───── EXERCISE DATA

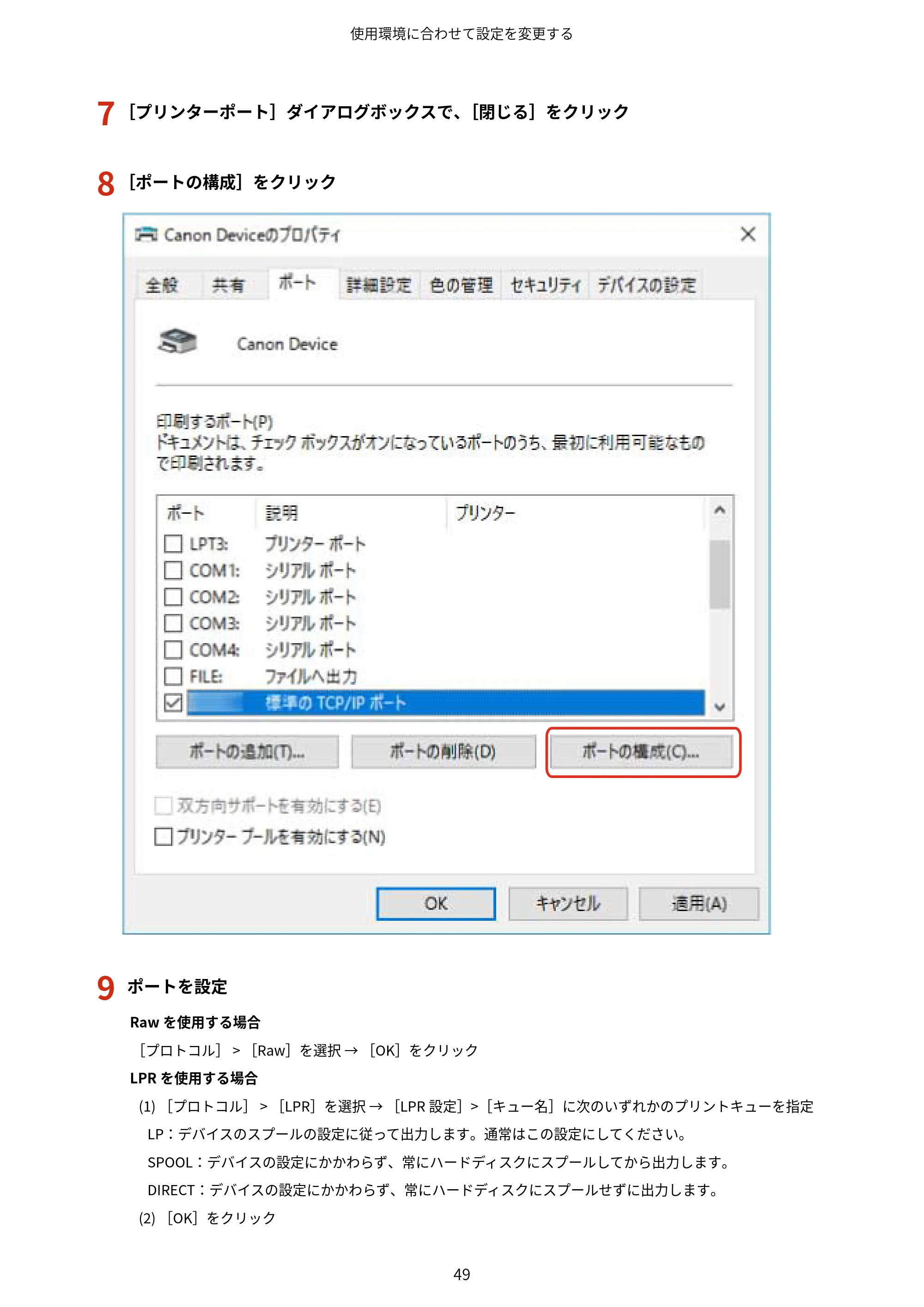 キヤノン WG7350F/7350FM Windows Business IJ LIPSLX V4 プリンタードライバーガイド 2018年12月7日更新（PDF：1.18MB） — 7 ［プリンターポート］ダイアログボックスで、［閉じる］をクリック — 原本ページ — 52ページ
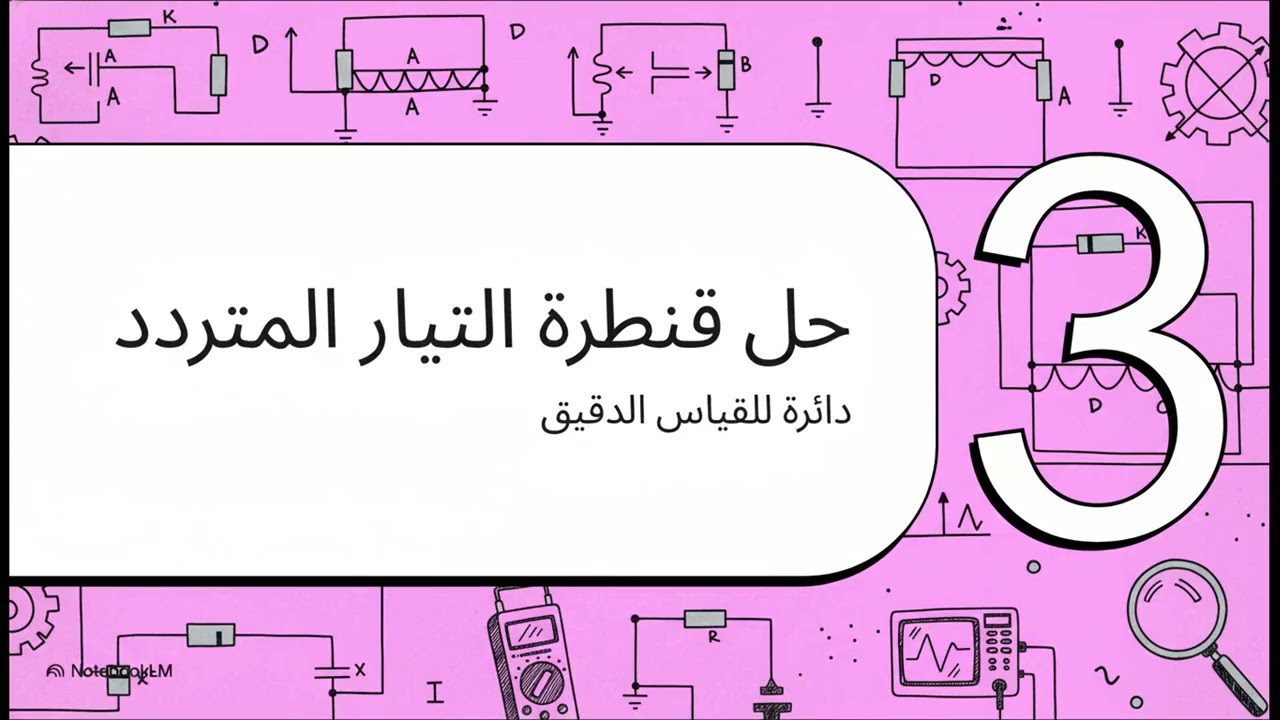 قناطر المكثفات والملفات 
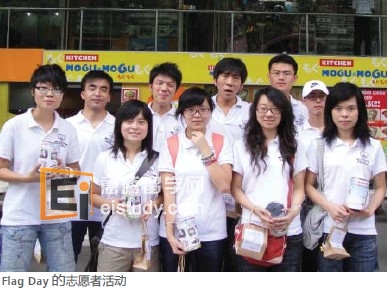 新加坡莎顿高级中学有兴的品格/全球公民教育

──────────

## TASK BRIEF
Return the whole listing, word for word, and leave out every picture.

## REPLY
 キヤノン WG7350F/7350FM Windows Business IJ LIPSLX V4 プリンタードライバーガイド 2018年12月7日更新（PDF：1.18MB） — 7 ［プリンターポート］ダイアログボックスで、［閉じる］をクリック — 原本ページ — 52ページ
 قناطر المكثفات والملفات 
 新加坡莎顿高级中学有兴的品格/全球公民教育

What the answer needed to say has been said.